Tennis. Why the Djokovic affair sets Australia ablaze

For 48 hours, Australia has been living to the rhythm of the “Djokovic affair”. The announcement of a medical exemption granted to the Serbian tennis player for the Melbourne Open (January 17-30), then that of the cancellation of his visa by the authorities after being blocked for hours at the airport, fueled the debates in the Oceania country. In any case, his possible expulsion from Australia does not move the locals.

The press as well as the public opinion were up against the coming of the Serbian champion, however nine times winner of the Open of Australia. In the space of a few hours, the world number 1 has become “persona non grata” in the land of kangaroos. His refusal to be vaccinated against Covid-19, and the fact of having visibly benefited from a privilege from the State of Victoria, which hosts the tournament, and the Australian Tennis Federation have made leap the population.

Strong restrictions for two years

It must be said that Australians have had to endure some of the longest periods of confinement in the world. The government of the country has for a very long time relied on a “zero-Covid” strategy and has not hesitated for a long time to reconfine its compatriots at the slightest jolt of the pandemic. A strategy undermined by the arrival of the Delta and Omicron variants. More than 21,000 cases have been reported in the state of Victoria, which hosts the Australian Open, in the past 24 hours.

“Few countries have adopted an approach as strict, if not extreme, in their management of the Covid as Australia”, declared in October Tim Soutphommasane, academic and former Australian commissioner for the Discrimination. In total, Melbourne experienced 262 days of confinement, a world record. The Australian Open was also held under very strict conditions in 2021, with a quarantine imposed on all players in contact with their arrival in the country. The public had been present sparingly as the health situation evolved.

The vaccine has since arrived and the population, 91.5% vaccinated (for 16 years and over), is sensitive to those who have not received their injections. “Some people could not even have an exemption to visit sick family members who lived in another state and he has the right to enter the country”, protested a resident in The team.

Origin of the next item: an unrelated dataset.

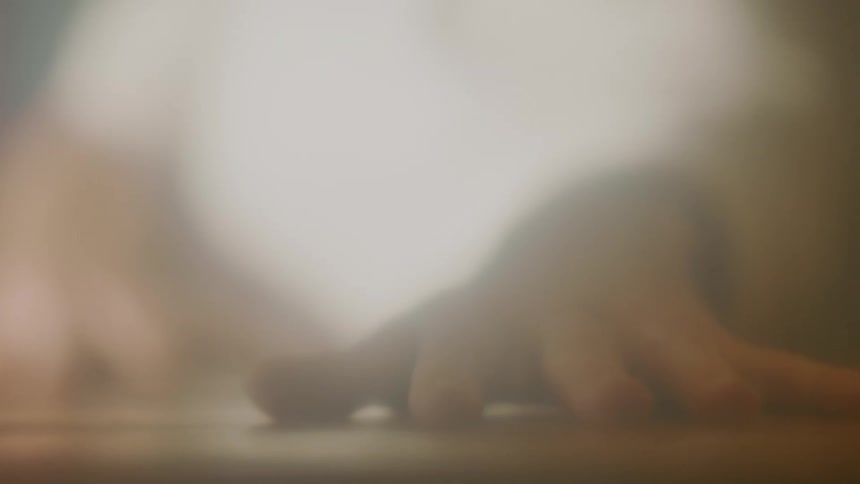 Hand resting over a wooden table inside a room at morning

A feeling shared mainly in the country, up to the medical community. Stephen Parnis, eminent doctor in the country, was also offended by the arrival of Novak Djokovic to defend his title. “I don’t care if he’s a good tennis player. If he refuses to be vaccinated, he should not be allowed in. If this exemption is true, it sends a distressing message to the millions of people who seek to reduce the risk of Covid-19 in Australia for themselves and for others, ”he posted on Twitter.

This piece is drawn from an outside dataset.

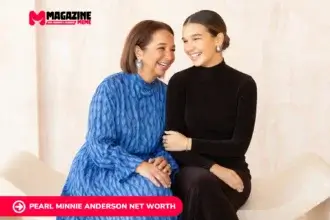 Two women share a laugh while seated together, one in a blue dress, one in black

There was total misunderstanding in the press as well. Australian daily The Courier Mail did not hesitate to play with words and rebelled “You must be Djoking” (“you must be joking) on ​​the front page of his edition of Wednesday January 5 about the arrival of the one he nicknamed” No -vax ”. The former tennis player Sam Groth (53rd in the world in 2015) expressed the dissatisfaction of the inhabitants by declaring that “the medical exemption of Novak Djokovic spits in the face of all Australians”.

A case that has become political

The gaming community has not been much moved by the Serbian’s ubiquitous situation since his first steps on Australian soil. In particular his great Spanish rival, Rafael Nadal. “Everyone is free to make their own decisions, but there are consequences. On the one hand, I’m sorry for him. But he knew the conditions, ”said the former world number 1.

The case has grown so much that it has seen the federal government oppose Victoria’s decision to allow Novak Djokovic to come to Australia. A rather rare measure that testifies to the political dimension of the case in the country. Prime Minister Scott Morrison, anxious to ensure his popularity and listen to his people, took up the subject and said the champion was not “above the rules”.

“For the Australian Federal Government border control is a key issue, while Victoria wants to ensure that a successful tournament can be organized. Usually, these two objectives do not intersect, ”summarizes Matthew Wrigley, lawyer from Melbourne, on the site of The team. But Novak Djokovic has long been a character that divides.